The black cartridges (sometimes gold or silver) actually had a special design quirk in terms of their compatibility. While the gray cartridges that were the main format of the original Gameboy were backward compatible with the Color, the black cartridges were actually retroactively compatible with the Gameboy and Gameboy Pocket. When slotted normally into the GBC these games displayed their full-color palettes, as expected, but when slotted into a 1989-1997 GB system they actually worked and reverted to a black and white color scheme. For those that grew up with the Gameboy first this might have been an interesting little detail found alongside their new system, but to myself and several of my friends who never actually had the first Gameboy and, therefore, could not stumble upon this feature naturally, it was a bizarre revelation.
I actually discovered this when I recently began collecting various Gameboy models. I sat there and puzzled over the reasons for the various cartridge designs before noticing how the power switch fit into the notch on the old cartridges (my brother and I had often wondered about that weird little cut out of the plastic when we were younger).
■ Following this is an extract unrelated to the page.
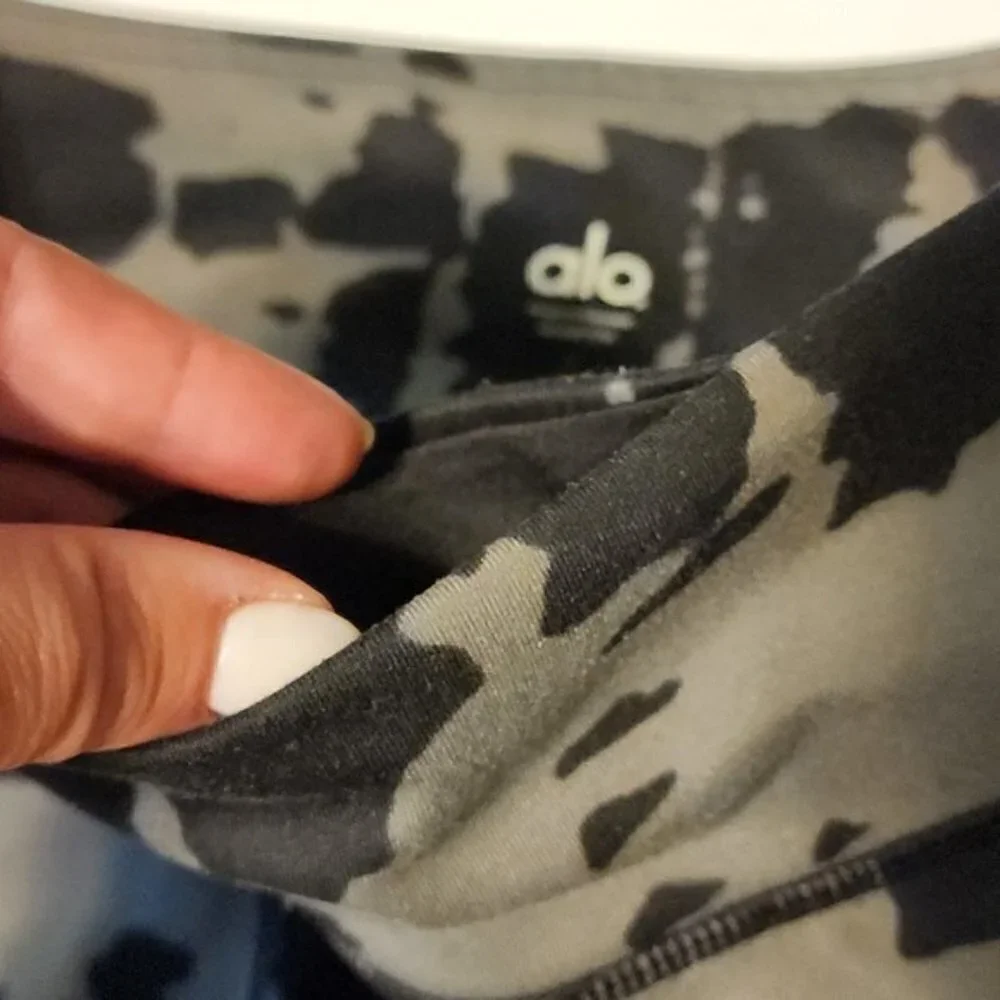 ALO Yoga sz S  black gray camouflage camo crop Capri leggings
Feeling a bit experimental I took my newly unboxed Gameboy and slid in my copy of “Pokemon Gold,” a Gameboy Color game from 2000, over a decade after the first system’s initial release. “Gold” was a game I adored as a child and had only ever experienced in its full-color version on the GBC, so, when the familiar music began playing and the start-up screen booted up in black and white I was more than a little taken aback.
At first, I felt like an idiot for never having realized or come across this little “fun fact” feature, but after several excited texts and calls to my friends, I found that I was far from alone in my ignorance. It was new information to each of them. Thinking back on it now it should have been fairly obvious. GBC games like “Link’s Awakening DX” and “Tetris DX” were just colored, enhanced versions of black and white Gameboy games re-released on the Color, retaining the shape and basic look of their older cartridges. The games that were released for the GBC in the clear plastic shells, without the power switch notch, likely took full advantage of the Color’s increased technical specs and graphical prowess, barring them from being able to run on that first system even in black and white. This allowed games like the aforementioned “Pokemon Gold” to not only run on their associated system and be backwards compatible on future handhelds in the Gameboy family such as the Advance and Advance SP but also allowed them to be played on the previously released hardware like the Gameboy, Gameboy Pocket, and Gameboy Light. This meant that those cartridges could be played on every single Gameboy ever released (with the exception of the niche product the Micro) from 1989 all the way up to 2003.
A small childhood mystery solved by a moment of curiosity almost two decades later.